--- The data ---

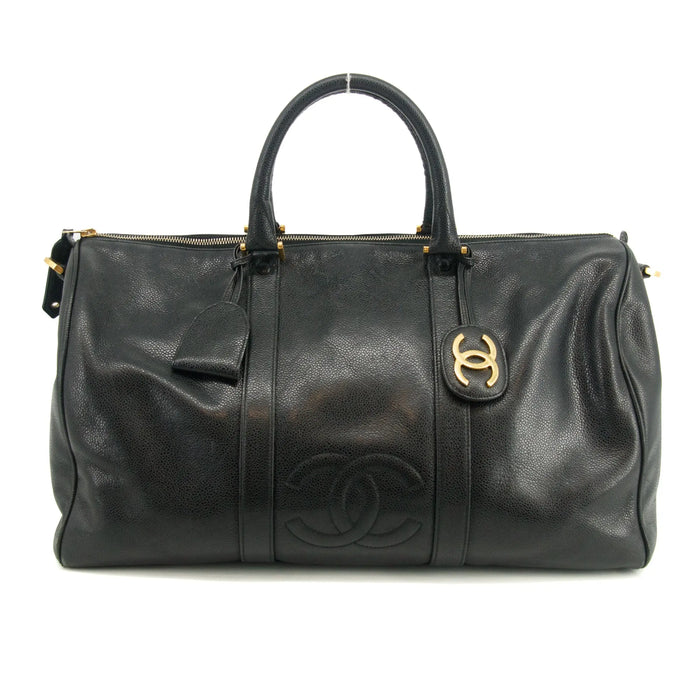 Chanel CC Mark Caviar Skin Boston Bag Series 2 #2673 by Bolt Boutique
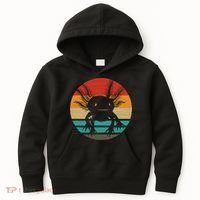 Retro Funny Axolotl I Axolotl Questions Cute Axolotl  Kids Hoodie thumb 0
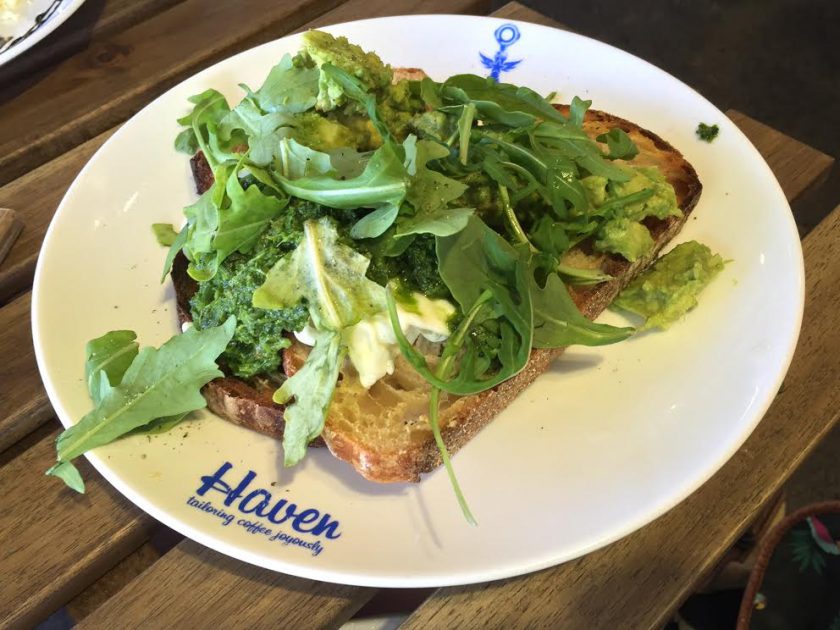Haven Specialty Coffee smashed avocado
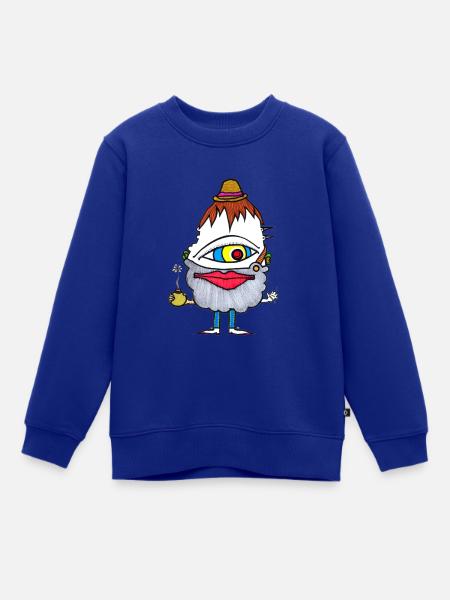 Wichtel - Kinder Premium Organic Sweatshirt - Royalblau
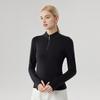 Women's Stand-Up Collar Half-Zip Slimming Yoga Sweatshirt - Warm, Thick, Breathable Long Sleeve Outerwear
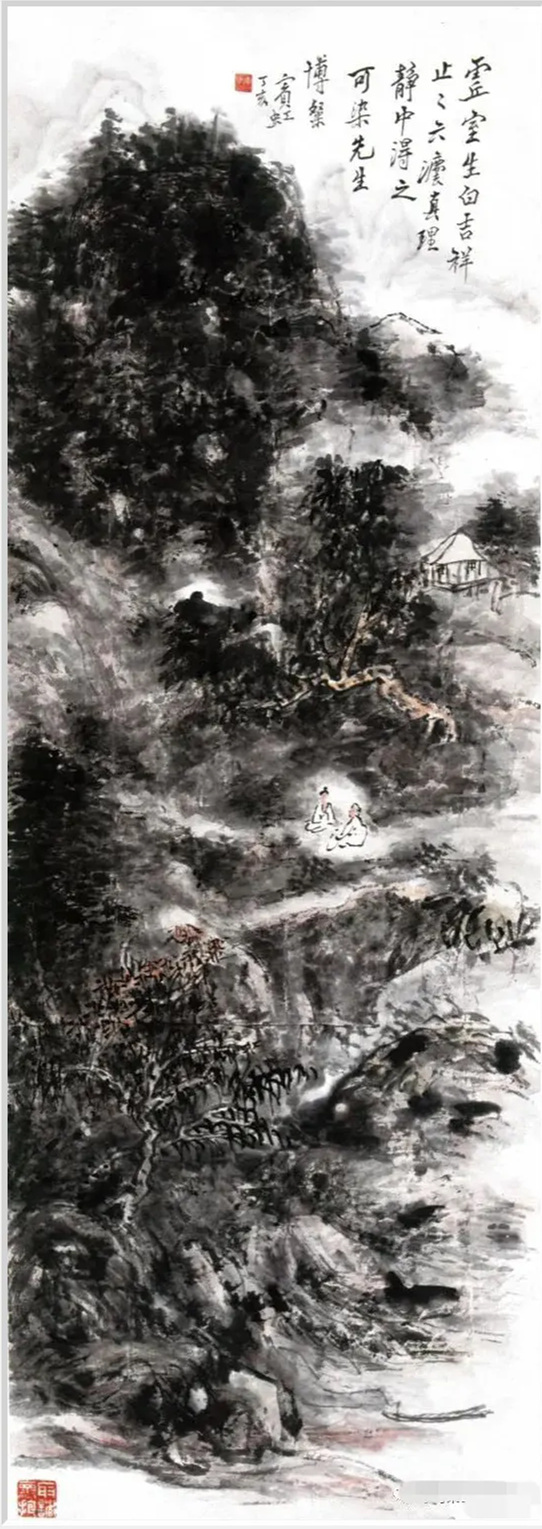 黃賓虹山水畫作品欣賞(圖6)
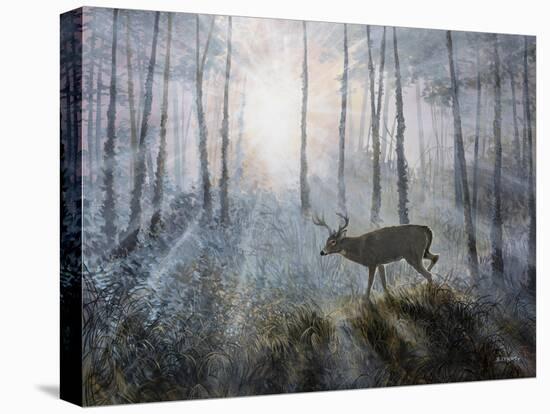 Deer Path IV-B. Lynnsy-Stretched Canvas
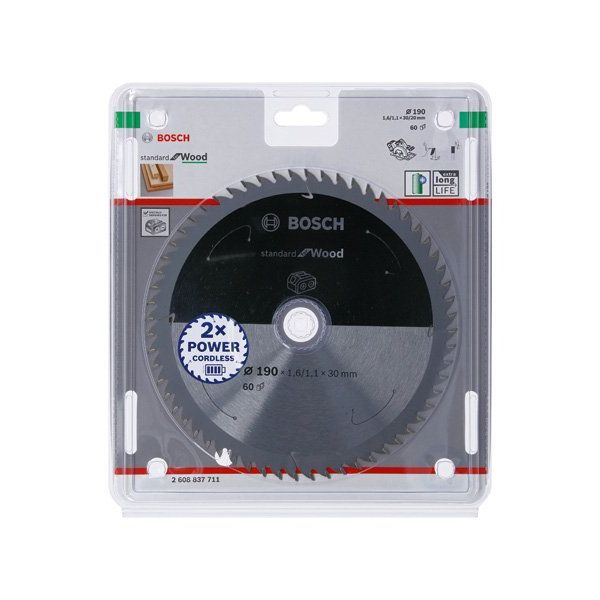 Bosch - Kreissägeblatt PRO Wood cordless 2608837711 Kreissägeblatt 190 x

---

■ Task details
Copying starts at the line containing "黃賓虹山水畫作品欣賞(圖6)" and ends at the last line of the material above; repeat only those lines exactly and omit the pictures.

■ Your response
 黃賓虹山水畫作品欣賞(圖6)
 Deer Path IV-B. Lynnsy-Stretched Canvas
 Bosch - Kreissägeblatt PRO Wood cordless 2608837711 Kreissägeblatt 190 x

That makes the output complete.